Perspective: Self-Editing Your Dialogue and Characters
Perspective is key to creating dimensional characters that resonate with the reader. Proper perspective adds dimension that transitions a ‘plot puppet’ into what feels like a real ‘person.’
POV (point of view) offers readers a glimpse into the character’s psyche, which will drive thought, action, emotion, conflict, choices, and change. Perspective can also rid our stories of ‘Talking Head Syndrome’—dialogue that all sounds the same.
Last post, I offered 7 Tips for Self-Editing. As mentioned, good editors are not cheap, but worth their weight in gold. Do as much cleanup as possible on our own? Pros can then step in for what we missed or failed to even see.
An analogy might help. When my son was little, I hired a housekeeper to come clean once a month. Though I kept a tidy enough home, I simply didn’t have it in me to do the necessary but time-consuming tasks (cleaning blinds, vacuuming baseboards, dusting fans, etc.).

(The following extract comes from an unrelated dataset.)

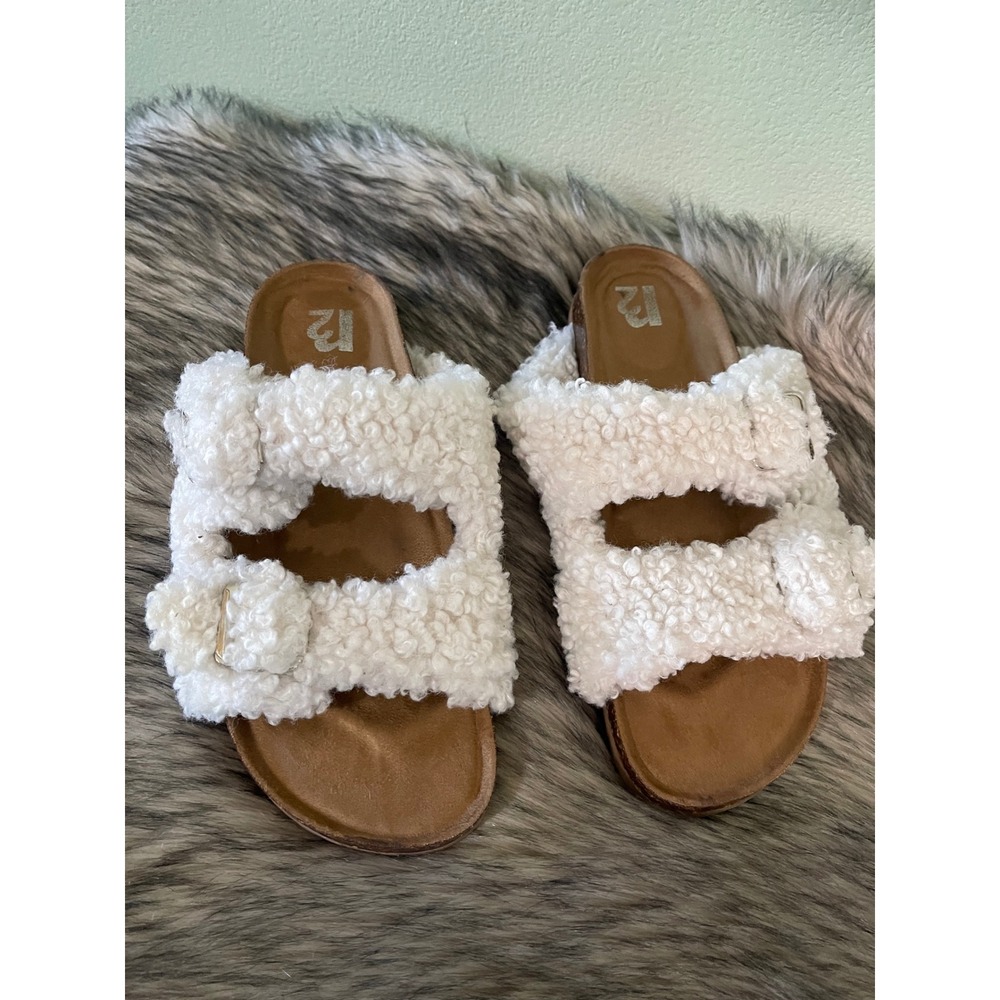 r2 Slip On Sandals Faux Fur Furreals Flats Size 9M New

I’d always clean before the housekeepers arrived (Hubby laughing at me all the while). Yes, it might seem silly, but I could do my own dishes. I could make beds and pick up toys. If the housekeepers did what I could EASILY do on my own? This was a waste of money. I NEEDED them to help with tasks that required ladders, patience, and special tools.
Same with a manuscript.
So last time I pointed out that proofreading is only ONE form of edit. Sometimes, if an MS keeps getting rejected, it’s time to bring in a developmental editor. Proofreading is essential, but I can’t recall ever reading a book and saying: Wow, the author placed every comma perfectly!
Developmental editors inspect the MS for what’s going wrong with the architecture of a story. Is there a plot? If so, is it too weak, too complicated, or too confusing? Are the characters dimensional? Do the characters arc? Are there character redundancies?
Y’all get the gist.
It’s very tough, time-consuming work and today we’re going to telescope in on a very common problem (especially with emerging authors).
If it sounds like writing, I rewrite it. ~Elmore Leonard
This is why those seven tips I gave last time can be so helpful. When we go through our WIP (work in progress) with these ‘cutting’ tools, we can strip away what screams ‘WRITING!’
You might laugh, but how often do you have a conversation and use that person’s name?
Good morning, Joe.
Well, hello, Kristen.
Joe, did you get the plans for the new design? You know, Joe, we are on a major deadline.
Y’all would be shocked how much of this kind of dialogue I see in samples. People in LIFE don’t talk like this. If they do?
That’s seriously weird.
Soap Opera Writing
This is what I like to call ‘soap opera writing.’ Soap operas were originally written for radio, then eventually shifted to television.
Homemakers who might be busy ironing or scrubbing a floor or changing diapers. This is actually HOW these stories earned the name SOAP opera. Back in the day, the soap companies did most of the advertising during these shows.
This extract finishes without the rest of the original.